TASK DETAILS :: Images do not belong in the copy. Retype the entries exactly.

RECORDS ::
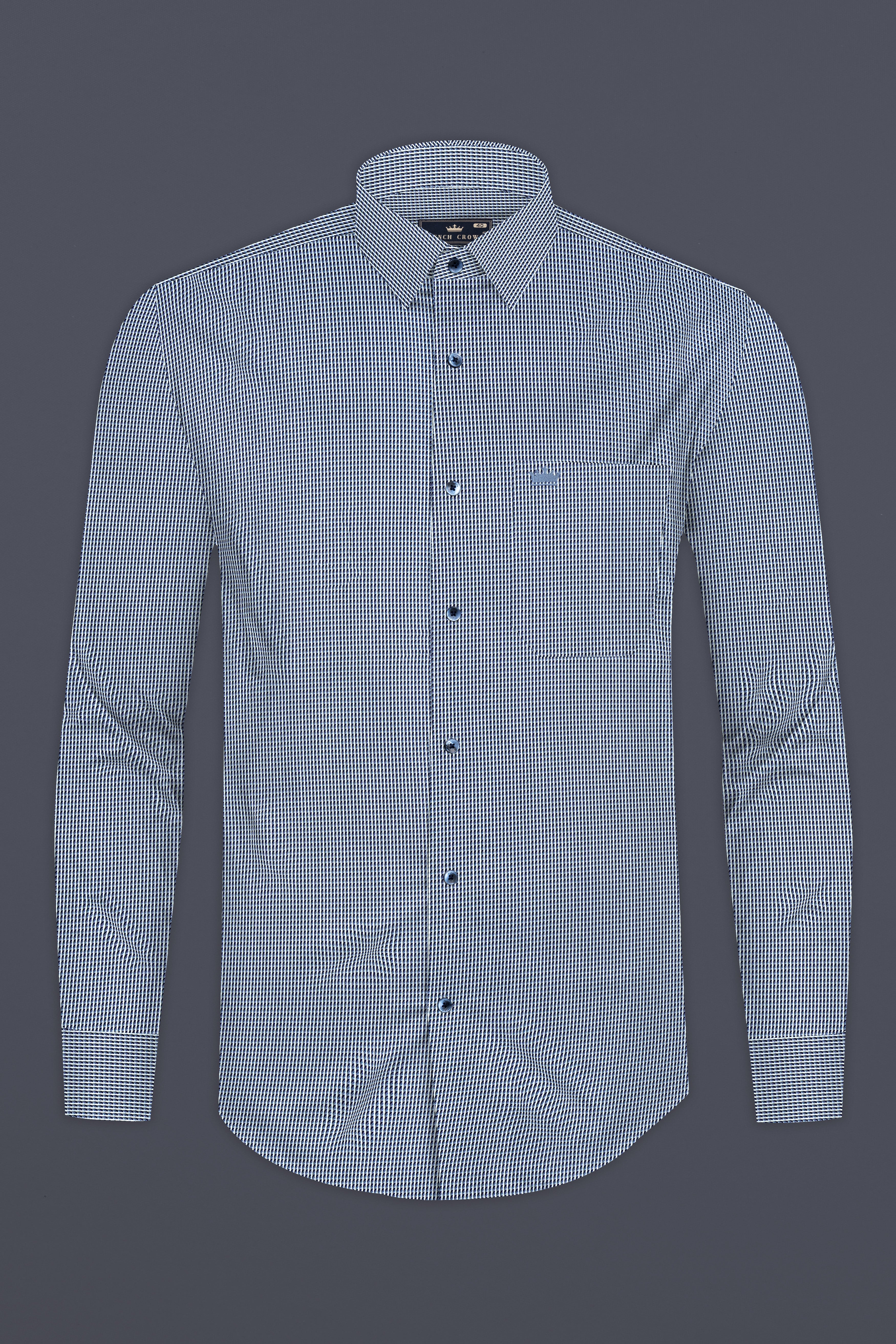 Casper Blue Dobby Textured Premium Cotton Shirt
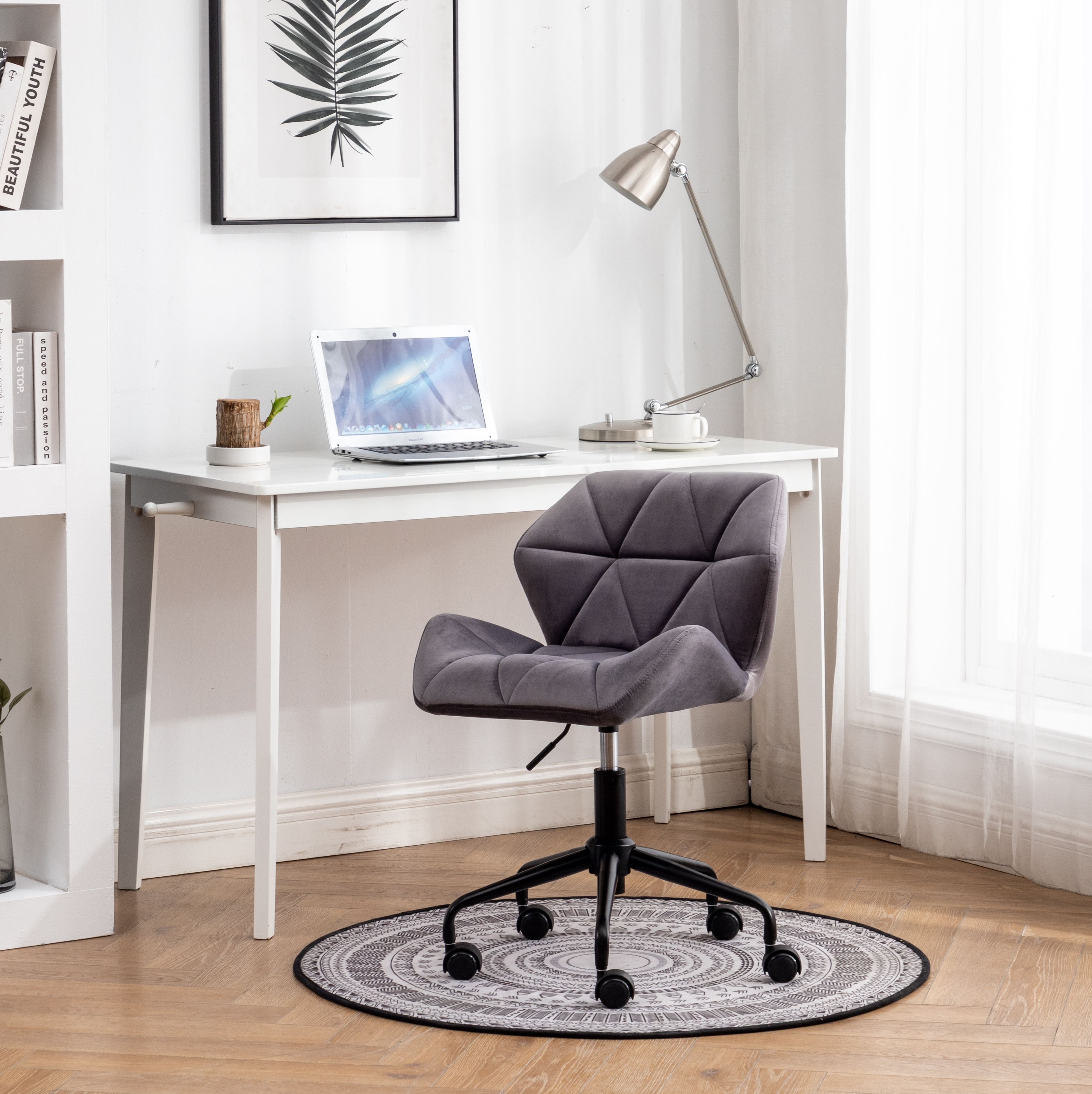 Eldon Diamond Tufted Adjustable Swivel Office Chair, Gray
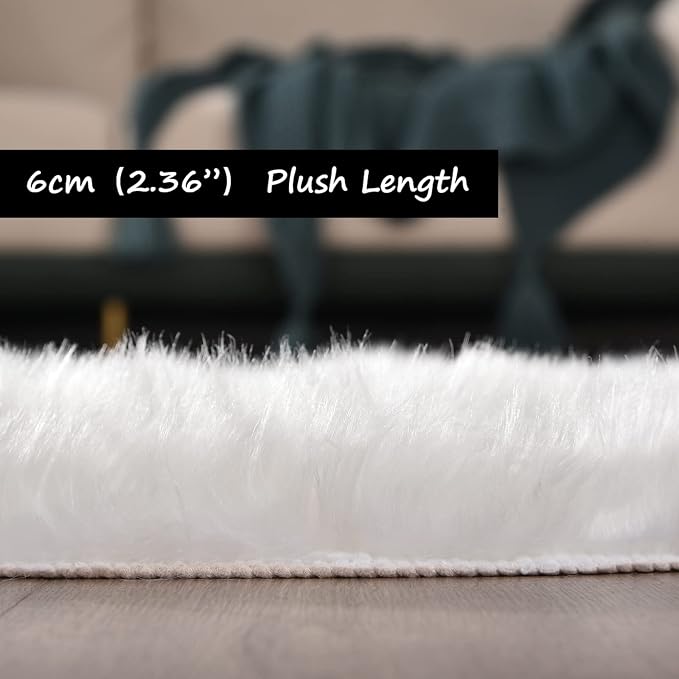 Goolela White Faux Sheepskin Fur Rug 2x6 Fluffy Fuzzy Furry Runner - Image 3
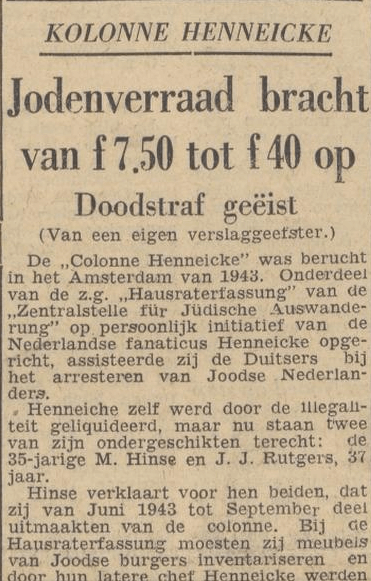 Het Parool, 24 september 1948 met het proces tegen Hinse.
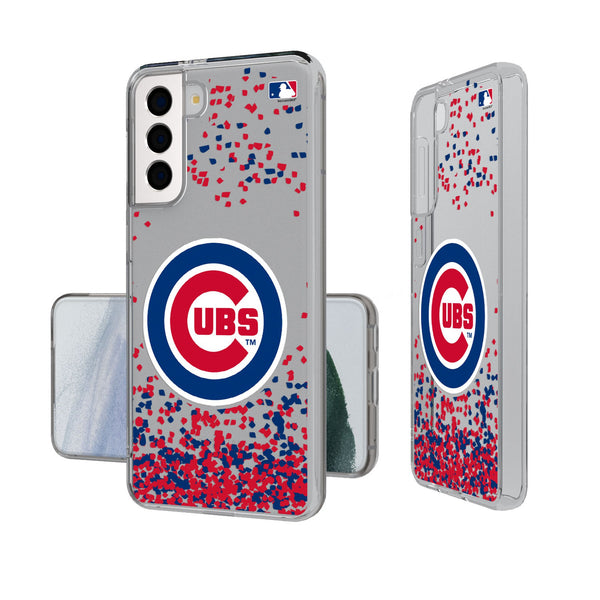 Chicago Cubs Confetti Galaxy Clear Phone Case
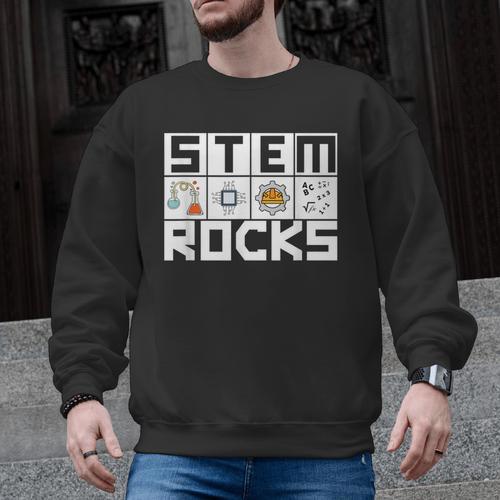STEM Rocks Science Technology Engineering Math STEM Teacher Men Graphic Sweatshirt - teacherstshirts.com AU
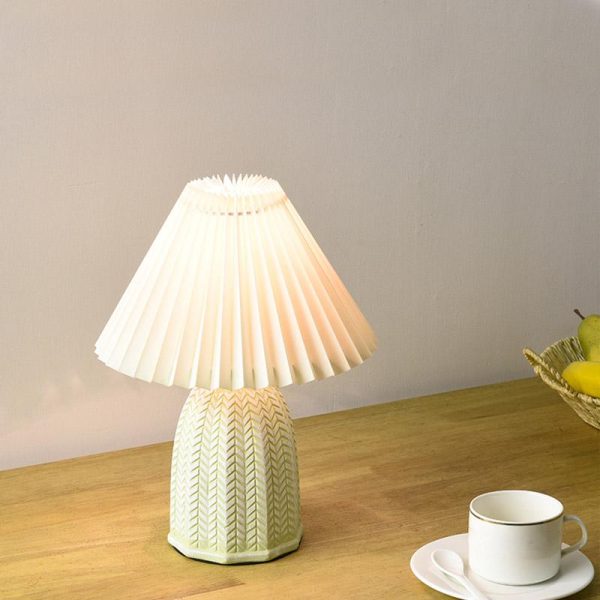 Vintage Tapered Pleated Linen Shade Ceramic 1-Light Table Lamp - Image 2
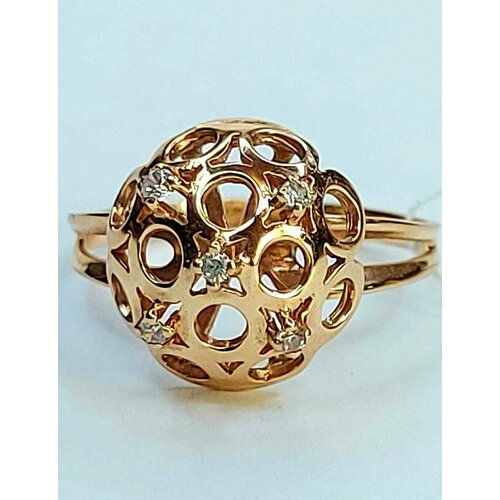 фото Кольцо skorobogatov jewelry, красное золото, 585 проба, фианит, размер 18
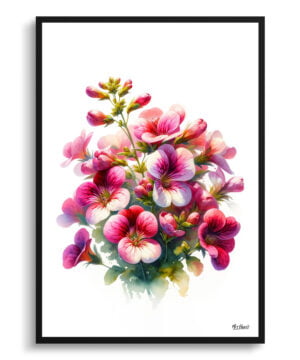 Twinspur (Diascia personata) Watercolour Painting Style Art Print - Illustration Framed Plant Wall Art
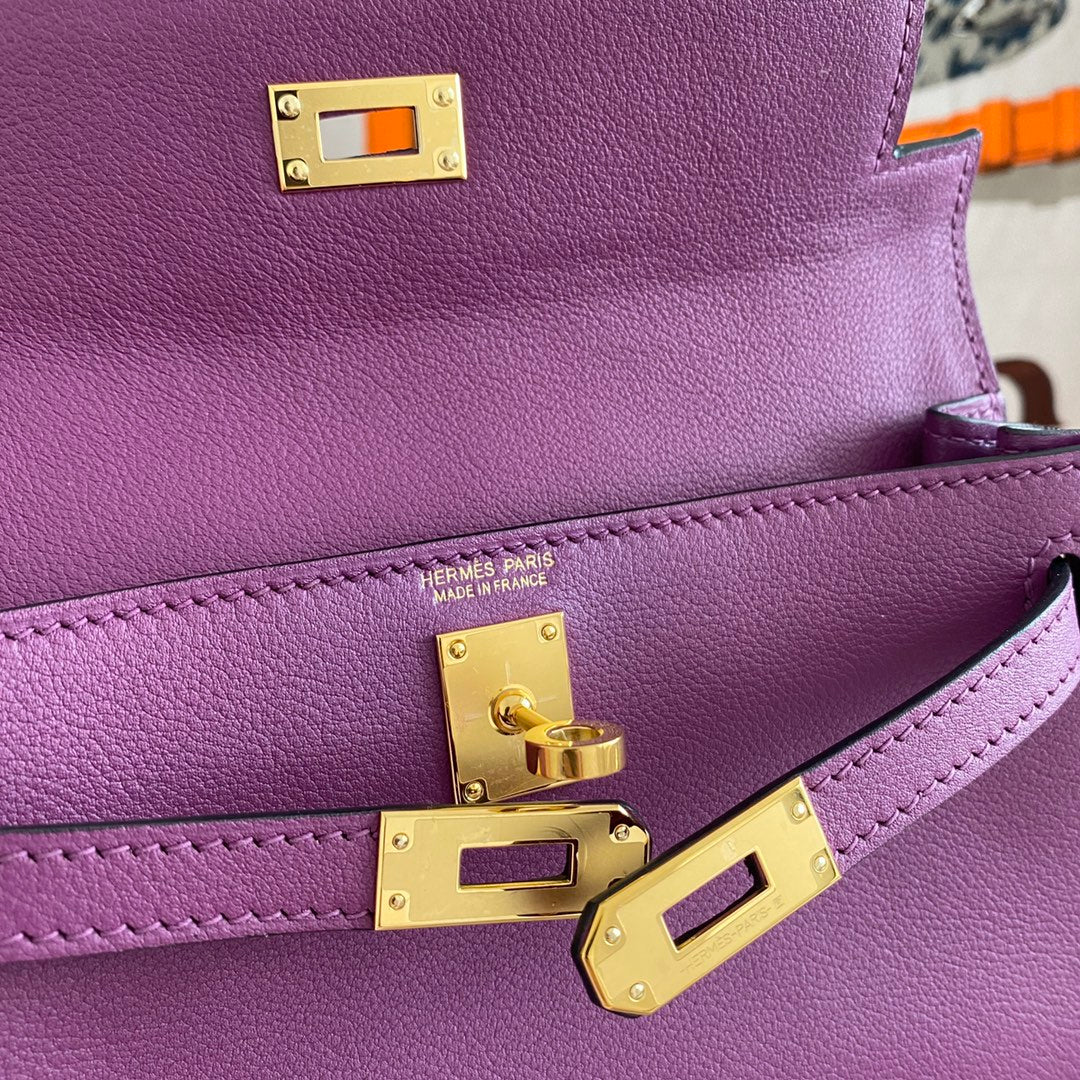 KELLY DANSE II 22CM CUIR VIOLET EVERCOLOR GHW
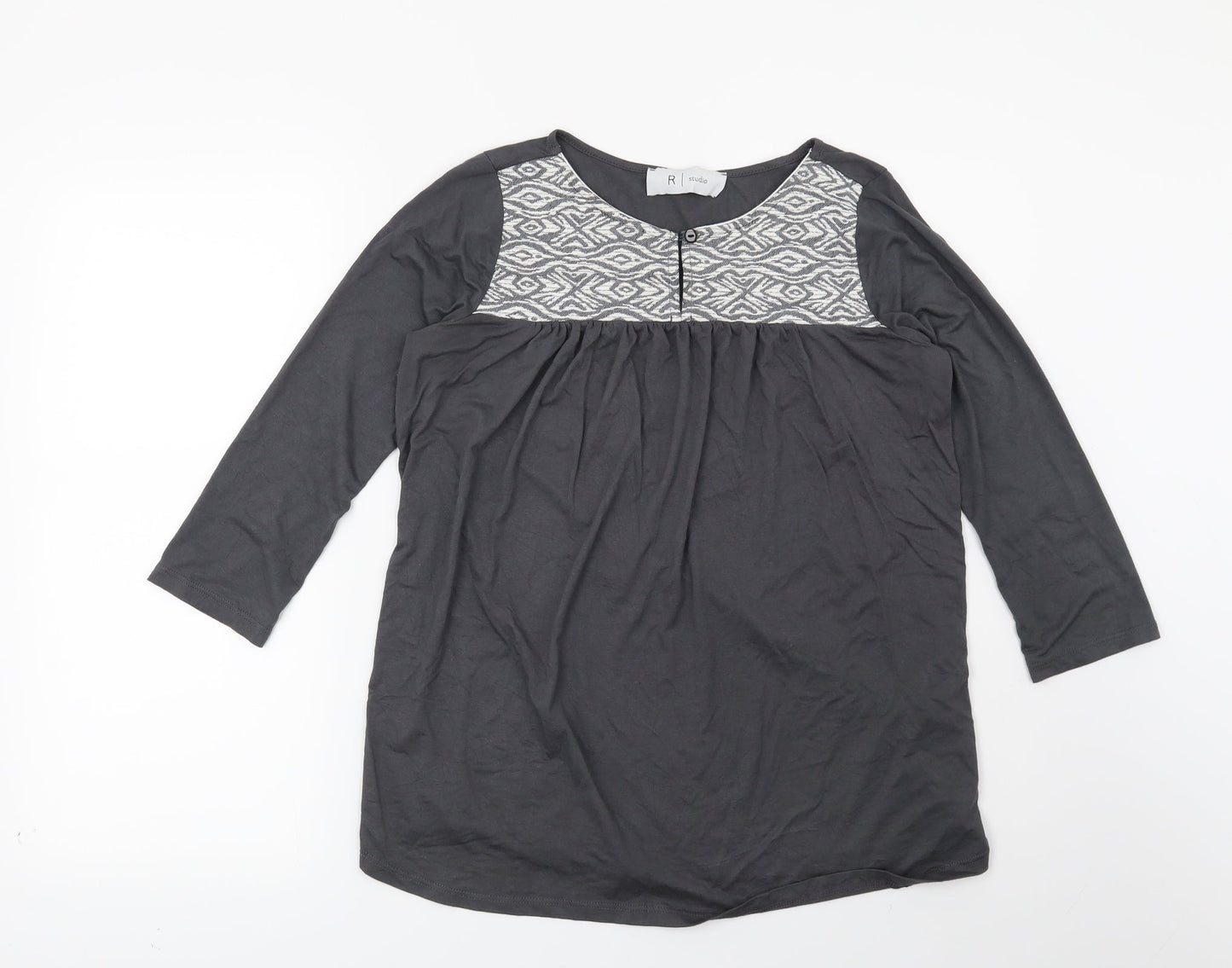 Womens UK Size 6 La Redoute Grey Basic Blouse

SOLUTION TO THE EXERCISE ::
 Casper Blue Dobby Textured Premium Cotton Shirt
 Eldon Diamond Tufted Adjustable Swivel Office Chair, Gray
 Goolela White Faux Sheepskin Fur Rug 2x6 Fluffy Fuzzy Furry Runner - Image 3
 Het Parool, 24 september 1948 met het proces tegen Hinse.
 Chicago Cubs Confetti Galaxy Clear Phone Case
STEM Rocks Science Technology Engineering Math STEM Teacher Men Graphic Sweatshirt - teacherstshirts.com AU
 Vintage Tapered Pleated Linen Shade Ceramic 1-Light Table Lamp - Image 2
 фото Кольцо skorobogatov jewelry, красное золото, 585 проба, фианит, размер 18
 Twinspur (Diascia personata) Watercolour Painting Style Art Print - Illustration Framed Plant Wall Art
 KELLY DANSE II 22CM CUIR VIOLET EVERCOLOR GHW
 Womens UK Size 6 La Redoute Grey Basic Blouse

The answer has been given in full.